The back entrance to the city’s library has remained cordoned off as engineers work on a repair to prevent the exterior brick surface from falling off; apparently it wasn’t fastened to the wall during construction.
The “cast house” at the city’s amphitheater is in need of major work; other tennis courts are showing their age as is much of the city’s infrastructure.
The surface at the All Children’s Playground also needs replacement. Restrooms at several ballfields need repair. And so on.
The costs are adding up. But they are being weighed against the cost of leaving the work undone, potentially to leave visitors and residents with a less than favorable impression of the city.
And that’s why the Peachtree City Council is looking at issuing what is estimated to be about $3 million in bonds: to address the aging infrastructure. Fix what needs to be fixed. Replace what needs to be replaced.

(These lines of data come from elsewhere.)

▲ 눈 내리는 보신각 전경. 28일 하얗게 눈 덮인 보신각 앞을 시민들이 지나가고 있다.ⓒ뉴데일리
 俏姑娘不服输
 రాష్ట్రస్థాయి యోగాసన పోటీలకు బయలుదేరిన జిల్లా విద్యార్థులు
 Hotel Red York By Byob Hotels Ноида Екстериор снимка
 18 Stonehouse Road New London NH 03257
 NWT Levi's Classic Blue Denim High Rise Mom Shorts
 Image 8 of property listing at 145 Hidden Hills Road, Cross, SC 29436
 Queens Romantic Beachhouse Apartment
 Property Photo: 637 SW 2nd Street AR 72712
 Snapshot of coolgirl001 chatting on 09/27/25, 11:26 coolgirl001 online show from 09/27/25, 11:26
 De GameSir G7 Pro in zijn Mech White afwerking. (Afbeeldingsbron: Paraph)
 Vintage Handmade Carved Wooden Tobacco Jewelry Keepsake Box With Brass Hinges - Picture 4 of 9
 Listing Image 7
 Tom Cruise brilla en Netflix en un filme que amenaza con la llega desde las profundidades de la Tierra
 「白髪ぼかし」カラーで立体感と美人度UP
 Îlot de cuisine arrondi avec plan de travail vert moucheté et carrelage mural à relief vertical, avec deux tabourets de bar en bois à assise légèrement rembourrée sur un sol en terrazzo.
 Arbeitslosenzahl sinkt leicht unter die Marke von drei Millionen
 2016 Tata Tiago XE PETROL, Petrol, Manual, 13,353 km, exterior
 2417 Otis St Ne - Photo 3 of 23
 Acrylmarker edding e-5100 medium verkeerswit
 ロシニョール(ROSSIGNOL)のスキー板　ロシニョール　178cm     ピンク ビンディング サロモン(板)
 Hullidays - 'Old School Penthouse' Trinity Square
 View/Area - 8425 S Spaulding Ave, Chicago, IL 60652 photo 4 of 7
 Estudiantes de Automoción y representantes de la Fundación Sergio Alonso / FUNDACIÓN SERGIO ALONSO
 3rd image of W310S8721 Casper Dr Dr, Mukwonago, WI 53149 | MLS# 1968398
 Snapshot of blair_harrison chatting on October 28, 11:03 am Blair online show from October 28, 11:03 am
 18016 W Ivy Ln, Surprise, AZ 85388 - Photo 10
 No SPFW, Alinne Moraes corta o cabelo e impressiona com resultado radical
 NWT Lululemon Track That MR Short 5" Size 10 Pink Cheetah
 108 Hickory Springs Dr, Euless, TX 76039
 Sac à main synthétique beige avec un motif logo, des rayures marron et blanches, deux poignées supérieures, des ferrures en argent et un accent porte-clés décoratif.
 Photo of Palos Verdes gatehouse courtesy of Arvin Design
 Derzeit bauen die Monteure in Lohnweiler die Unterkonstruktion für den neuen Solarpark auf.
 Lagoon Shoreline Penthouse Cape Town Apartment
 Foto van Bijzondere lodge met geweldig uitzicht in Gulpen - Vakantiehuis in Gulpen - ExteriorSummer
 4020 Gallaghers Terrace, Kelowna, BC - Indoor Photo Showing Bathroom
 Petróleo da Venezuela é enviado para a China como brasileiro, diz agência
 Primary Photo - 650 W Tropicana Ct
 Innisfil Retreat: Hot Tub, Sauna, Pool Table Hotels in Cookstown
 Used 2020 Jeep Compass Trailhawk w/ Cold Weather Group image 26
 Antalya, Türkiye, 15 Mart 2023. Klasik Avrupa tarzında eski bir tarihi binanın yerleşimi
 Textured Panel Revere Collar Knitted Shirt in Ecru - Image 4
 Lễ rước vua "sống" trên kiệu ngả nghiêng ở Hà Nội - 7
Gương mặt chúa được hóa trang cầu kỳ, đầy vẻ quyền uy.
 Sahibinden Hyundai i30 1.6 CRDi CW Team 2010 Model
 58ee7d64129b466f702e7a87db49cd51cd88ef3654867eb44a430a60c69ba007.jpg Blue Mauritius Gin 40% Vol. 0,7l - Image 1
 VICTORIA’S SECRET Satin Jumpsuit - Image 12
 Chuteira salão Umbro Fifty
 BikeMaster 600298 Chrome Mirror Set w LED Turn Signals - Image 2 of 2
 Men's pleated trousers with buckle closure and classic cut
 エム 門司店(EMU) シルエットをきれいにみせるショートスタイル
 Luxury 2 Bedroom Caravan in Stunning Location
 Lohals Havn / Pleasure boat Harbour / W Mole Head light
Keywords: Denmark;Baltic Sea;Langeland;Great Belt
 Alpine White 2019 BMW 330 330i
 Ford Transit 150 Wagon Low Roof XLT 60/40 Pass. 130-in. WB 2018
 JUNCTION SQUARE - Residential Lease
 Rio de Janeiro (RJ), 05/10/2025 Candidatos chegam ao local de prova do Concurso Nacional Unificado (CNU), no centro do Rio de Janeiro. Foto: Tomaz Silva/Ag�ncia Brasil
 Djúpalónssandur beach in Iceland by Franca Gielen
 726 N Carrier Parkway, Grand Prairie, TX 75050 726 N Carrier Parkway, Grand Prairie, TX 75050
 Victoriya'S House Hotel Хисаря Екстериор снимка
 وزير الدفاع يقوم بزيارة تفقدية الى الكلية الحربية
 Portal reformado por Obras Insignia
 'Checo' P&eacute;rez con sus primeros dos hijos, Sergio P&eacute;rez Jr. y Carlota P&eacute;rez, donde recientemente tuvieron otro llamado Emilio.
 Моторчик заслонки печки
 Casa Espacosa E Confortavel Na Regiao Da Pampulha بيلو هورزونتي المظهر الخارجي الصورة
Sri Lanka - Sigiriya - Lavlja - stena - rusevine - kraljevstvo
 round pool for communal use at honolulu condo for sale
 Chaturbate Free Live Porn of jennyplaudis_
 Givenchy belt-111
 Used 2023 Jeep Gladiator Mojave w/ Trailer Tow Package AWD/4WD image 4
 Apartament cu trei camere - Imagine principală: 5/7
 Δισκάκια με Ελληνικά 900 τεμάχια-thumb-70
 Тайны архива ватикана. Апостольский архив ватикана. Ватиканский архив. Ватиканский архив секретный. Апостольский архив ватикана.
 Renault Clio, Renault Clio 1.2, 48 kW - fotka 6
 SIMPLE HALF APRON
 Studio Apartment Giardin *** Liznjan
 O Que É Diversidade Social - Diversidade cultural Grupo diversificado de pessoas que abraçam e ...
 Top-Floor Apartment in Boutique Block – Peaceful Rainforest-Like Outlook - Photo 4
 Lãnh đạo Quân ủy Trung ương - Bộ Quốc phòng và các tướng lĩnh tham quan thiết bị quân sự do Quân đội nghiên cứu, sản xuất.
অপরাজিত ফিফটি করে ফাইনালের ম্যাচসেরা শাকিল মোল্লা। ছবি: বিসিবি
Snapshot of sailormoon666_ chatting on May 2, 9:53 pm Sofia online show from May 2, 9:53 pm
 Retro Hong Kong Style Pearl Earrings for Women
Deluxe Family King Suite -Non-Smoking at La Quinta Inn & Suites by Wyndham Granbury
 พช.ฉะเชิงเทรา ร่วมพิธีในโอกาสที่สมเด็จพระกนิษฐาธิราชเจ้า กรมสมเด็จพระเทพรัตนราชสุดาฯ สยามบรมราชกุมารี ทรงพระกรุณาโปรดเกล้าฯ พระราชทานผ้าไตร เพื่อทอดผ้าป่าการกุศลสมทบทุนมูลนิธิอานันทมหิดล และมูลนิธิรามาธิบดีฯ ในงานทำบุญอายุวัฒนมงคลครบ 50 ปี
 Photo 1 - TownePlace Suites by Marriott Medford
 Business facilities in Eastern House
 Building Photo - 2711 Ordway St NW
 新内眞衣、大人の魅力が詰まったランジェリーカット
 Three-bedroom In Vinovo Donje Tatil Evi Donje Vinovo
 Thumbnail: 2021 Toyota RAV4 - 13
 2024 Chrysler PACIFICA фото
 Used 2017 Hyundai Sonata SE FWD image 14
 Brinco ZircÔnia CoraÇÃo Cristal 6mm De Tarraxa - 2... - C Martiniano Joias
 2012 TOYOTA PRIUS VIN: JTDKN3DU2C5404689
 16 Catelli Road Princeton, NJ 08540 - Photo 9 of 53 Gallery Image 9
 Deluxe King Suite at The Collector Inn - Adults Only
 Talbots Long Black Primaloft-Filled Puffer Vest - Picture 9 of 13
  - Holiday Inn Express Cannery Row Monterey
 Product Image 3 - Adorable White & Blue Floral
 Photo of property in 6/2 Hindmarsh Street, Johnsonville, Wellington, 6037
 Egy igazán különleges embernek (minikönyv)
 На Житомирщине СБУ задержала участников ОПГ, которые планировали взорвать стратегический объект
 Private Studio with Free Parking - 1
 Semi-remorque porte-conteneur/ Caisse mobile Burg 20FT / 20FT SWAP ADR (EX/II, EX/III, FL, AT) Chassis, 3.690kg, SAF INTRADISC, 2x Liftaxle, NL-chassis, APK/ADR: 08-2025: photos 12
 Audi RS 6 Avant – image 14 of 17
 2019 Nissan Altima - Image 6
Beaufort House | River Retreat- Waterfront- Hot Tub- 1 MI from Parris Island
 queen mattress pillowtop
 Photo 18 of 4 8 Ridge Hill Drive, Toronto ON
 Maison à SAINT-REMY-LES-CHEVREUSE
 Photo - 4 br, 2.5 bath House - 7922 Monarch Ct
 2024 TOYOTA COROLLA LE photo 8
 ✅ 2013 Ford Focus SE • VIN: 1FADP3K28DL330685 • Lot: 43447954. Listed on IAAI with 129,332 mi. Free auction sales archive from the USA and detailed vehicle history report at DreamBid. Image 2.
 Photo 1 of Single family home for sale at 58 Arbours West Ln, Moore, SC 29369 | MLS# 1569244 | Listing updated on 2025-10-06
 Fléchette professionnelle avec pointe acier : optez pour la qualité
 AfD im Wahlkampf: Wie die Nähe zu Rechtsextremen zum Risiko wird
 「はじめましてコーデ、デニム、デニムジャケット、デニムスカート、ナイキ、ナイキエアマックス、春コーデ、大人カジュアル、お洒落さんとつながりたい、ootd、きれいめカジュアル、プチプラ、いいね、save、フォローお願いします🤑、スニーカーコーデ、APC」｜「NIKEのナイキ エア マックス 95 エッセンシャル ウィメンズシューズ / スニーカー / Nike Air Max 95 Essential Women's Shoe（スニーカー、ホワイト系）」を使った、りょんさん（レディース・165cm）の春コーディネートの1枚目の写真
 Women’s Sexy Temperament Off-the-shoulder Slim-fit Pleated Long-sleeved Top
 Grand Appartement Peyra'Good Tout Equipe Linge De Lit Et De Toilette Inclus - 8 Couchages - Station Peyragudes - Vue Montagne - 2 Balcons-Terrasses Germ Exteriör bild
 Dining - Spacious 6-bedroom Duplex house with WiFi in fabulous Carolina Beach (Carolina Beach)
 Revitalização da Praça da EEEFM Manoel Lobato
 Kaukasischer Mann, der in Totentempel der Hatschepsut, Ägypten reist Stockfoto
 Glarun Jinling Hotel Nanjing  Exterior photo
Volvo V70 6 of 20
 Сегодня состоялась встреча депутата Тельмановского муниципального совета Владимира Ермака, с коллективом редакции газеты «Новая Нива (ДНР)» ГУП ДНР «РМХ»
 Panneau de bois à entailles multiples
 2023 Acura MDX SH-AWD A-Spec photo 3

In the next month or so city staff will have completed an exhaustive list of necessary repairs for the City Council to consider. Some council members have said the city’s infrastructure has been neglected for so long, it can’t afford to do so any longer.
The $3 million figure includes some $454,000 to replace the bubble that’s erected over the Kedron pools for the offseason, along with an expansion of the parking lot at the city’s Baseball and Soccer Complex, tabbed at $500,000.
It also includes smaller-cost items down to missing outlet covers, broken baby change stations and a drawer that needs repairing at the front desk of the city’s library.
“People should be reassured that we are taking the necessary steps to maintain our infrastructure,” said Councilwoman Vanessa Fleisch.
At a $3 million level, the city will be paying about $393,000 a year for 10 years to fund the necessary repairs and replacements, city officials have said. Those calculations were made with a 5 percent interest rate, but the city is likely to get a better deal, driving the cost down somewhat, officials said.
The city is not proposing a tax increase to cover the bond payments for this year.